Just to see if you are worthy, does "f(x) = x²" satisfy the definition of *equation* ?

> Go outside and play.

Actually, I am outside, 60% of my replies are when I'm out.

> a poor way of handling stress.

You must be mistaken me for some else. I dont stress; the heated discussions I engage in are part of an experiment, a case study.

But try to remain on topic; you are invited in the discussions, but dont divert to unrelated subjects. The one at hand is in the OP:

"there exist an inertial frame such that the train & track have the same speed."

Agree or not? Why? proof?

[JanPB]

Because I feel like it.

--
Jan

[Dono,]

There are NO solutions for the 2D domain u+x<0

> Recall that I asked you to show where in my "Bolzano's " proof, that I erred.
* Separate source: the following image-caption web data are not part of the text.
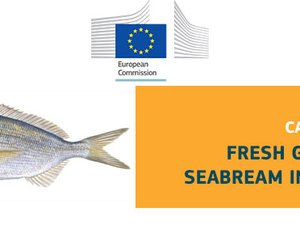 Gilthead seabream price structure analysis in the EU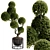 TurboSmooth Topiary Plant 30 3D model small image 2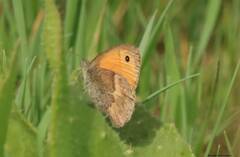 Lycaena phlaeas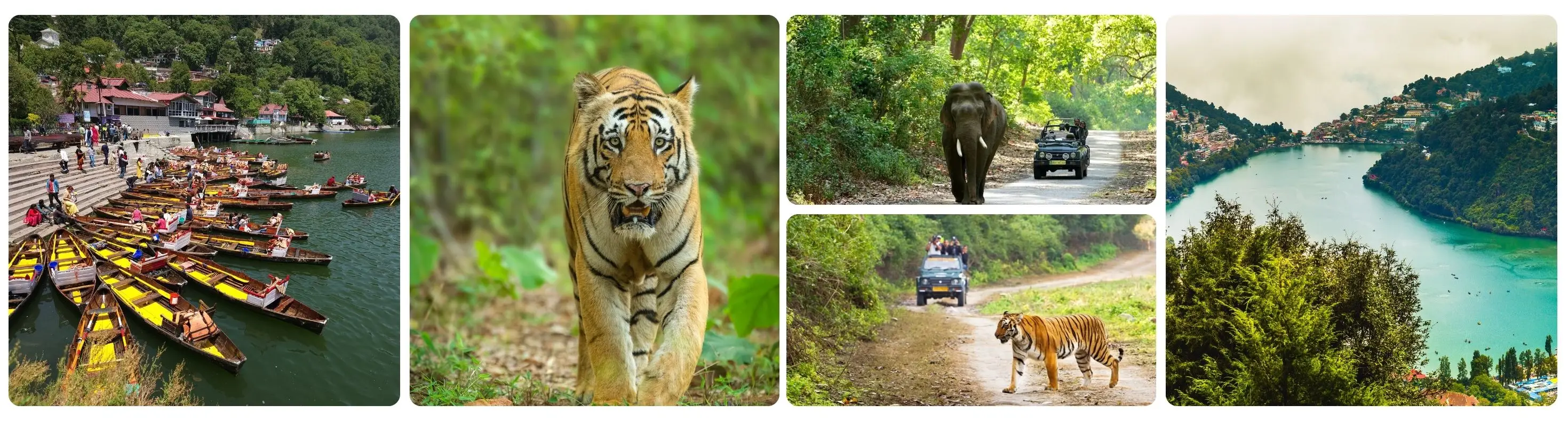 Nainital & Corbett Tour Package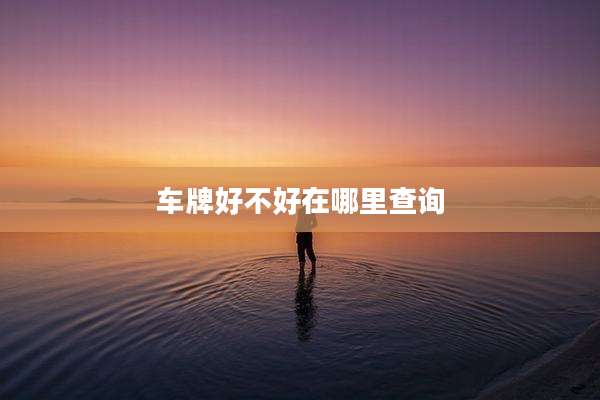 车牌好不好在哪里查询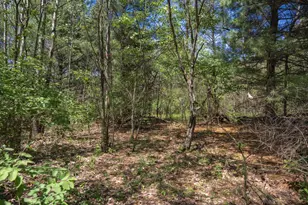 1084 Edgewood Dr, Adams, WI 53910 - Photo 42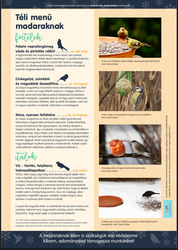 Téli menü madaraknak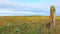 The neolithic Ring of Brodgar in Orkney, Scotland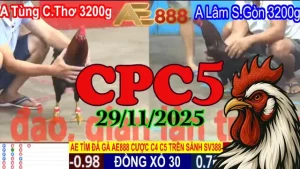 Xem video đá gà Thomo CPC5 hôm nay 29112025 - Trực tiếp, không bỏ lỡ
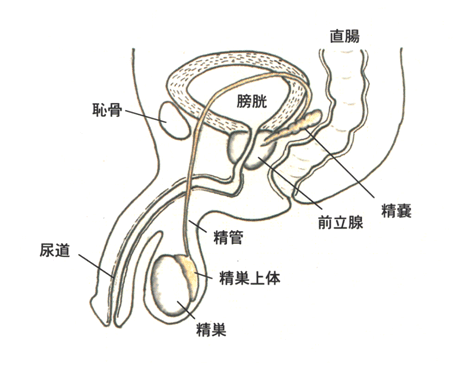 慢性前立腺炎について｜おき泌尿器科クリニック｜富田林市の泌尿器科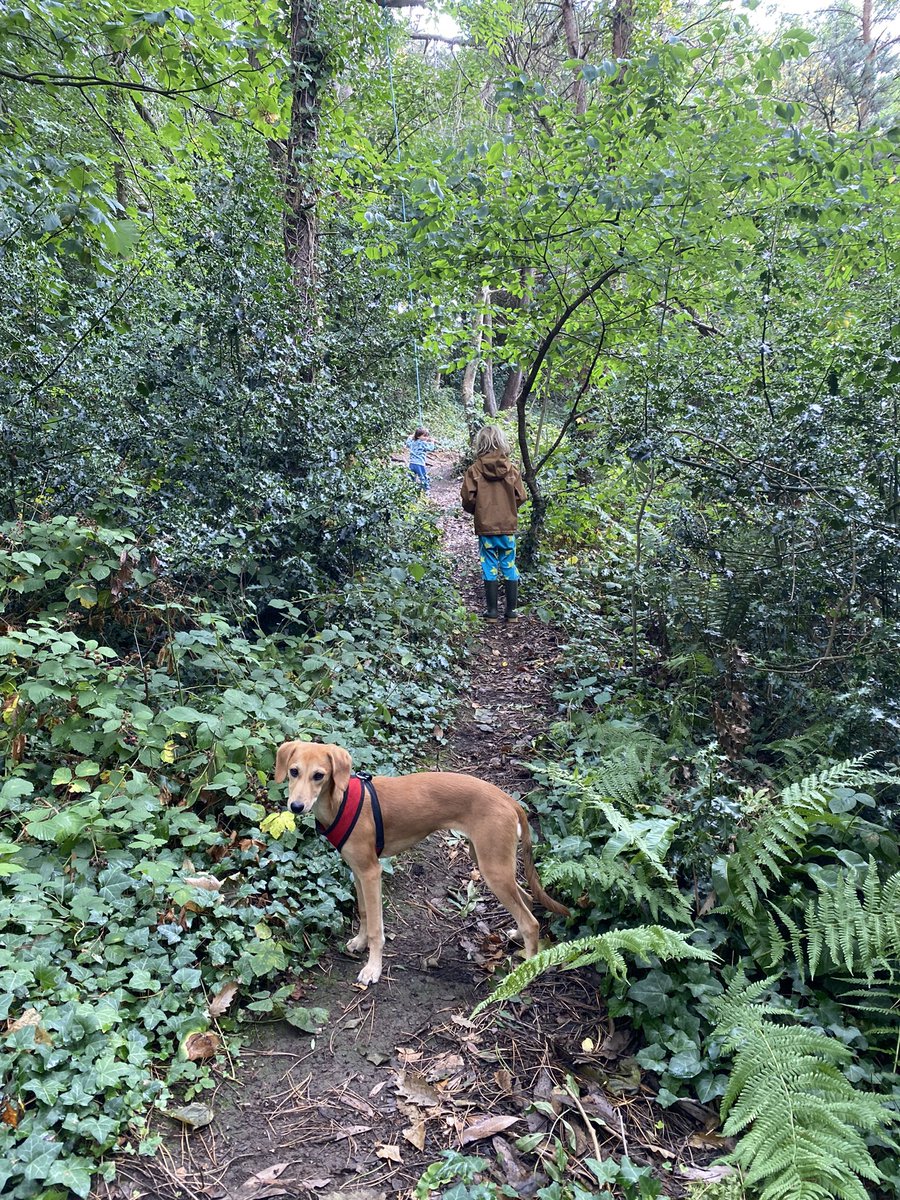 hanshare's tweet photo. When you try to take a walk to celebrate the epic achievement of submitting a book manuscript w/ @AliceVadrot on Conducting Research on Global #Environmental #AgreementMaking and one falls out a tree, the second is hungry and the dog eats a dead vole 😬😂 https://t.co/o05aKdbvih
I simply pointed out that your "Bolzano proof" is just hot air. This is a simple degree 2 equation. Stop puffing yourself up , Stephane, you are just the same old fraud.

[Prokaryotic Caspase Homolog]

On Wednesday, August 16, 2017 at 9:04:45 AM UTC-5, Dono, wrote:
> On Wednesday, August 16, 2017 at 7:00:30 AM UTC-7, rotchm wrote:

> > Nope. It proves that there exist a non trivial solution.
>
> Not for u+x<0

That is about as relevant as stating that there are no real solutions to
y = x^2 + 1
where x+y < 0

You have lost track of the problem setup and the meanings of the variables.

[Larry Harson]

You're considering the case where the LHS is positive so that
|lhs| = lhs which looks fine to me. You're then using the restriction x > 0 on the rhs so eliminating the other possibility x < 0:

\frac{x-u}{1-ux/c^2}|= -x

That is: F' moves at velocity x > 0 in F while u' moves at velocity -x in F'. But the speeds |x| and |-x|are still the same.

I agree with your solution for the case where u' moves with the same velocity as F'; but Rotchm was looking at speeds.

Larry Harson

[rotchm]

On Wednesday, August 16, 2017 at 10:05:22 PM UTC-4, Dono, wrote:

> > Recall that I asked you to show where in my "Bolzano's " proof,
> that I erred.
>
> I simply pointed out that your "Bolzano proof" is just hot air.

Thats not specifying which line or reasoning is wrong. It is just handwaving.

> This is a simple degree 2 equation.

Yes, and yet you failed miserably at solving it.
No matter the speed of the train, there is ALWAYS an inertial frame such that the train & track have the same speed, ALWAYS.

And using your nomenclature, the eqs |(u+x)/(1+ux)| = |x| ALWAYS has a non trivial solution for x, for any given |u| < 1.